城・都市
ちんそう / 陳倉

陳倉

郝昭が諸葛亮の大軍を退けた関中西端の城。

種別
城・都市
現在地
陝西省宝鶏市
所属州
司隷
時代範囲
後漢末〜三国期

概要

関中の西端に位置する城市で、散関を経て漢中方面へ抜ける陳倉道の起点にあたる要衝。
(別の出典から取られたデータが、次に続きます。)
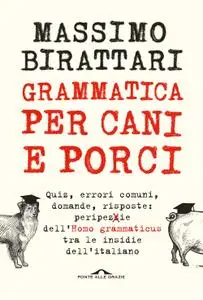 Massimo Birattari - Grammatica per cani e porci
228年、諸葛亮の第二次北伐に際し、魏の郝昭がわずかな兵でこの陳倉城を守り抜いたことで名高い。

歴史

陳倉は、関中から秦嶺を越えて漢中へ向かう道の関門であり、蜀魏の攻防の焦点となった。228年冬、諸葛亮は数万の軍で陳倉を包囲したが、城将 郝昭はわずか千余の兵で守りを固め、雲梯・衝車・井闌(せいらん)・地下道といった蜀軍のあらゆる攻城の手をことごとく防いだ。二十余日の攻防ののち、兵糧の尽きた諸葛亮は撤退を余儀なくされる。少数で大軍を退けた郝昭の奮戦は、守城戦の名高い一例として語り継がれた。

現在

陳倉は現在の陝西省宝鶏市にあたる。関中と漢中を結ぶ古道の起点として、その名を歴史に刻む。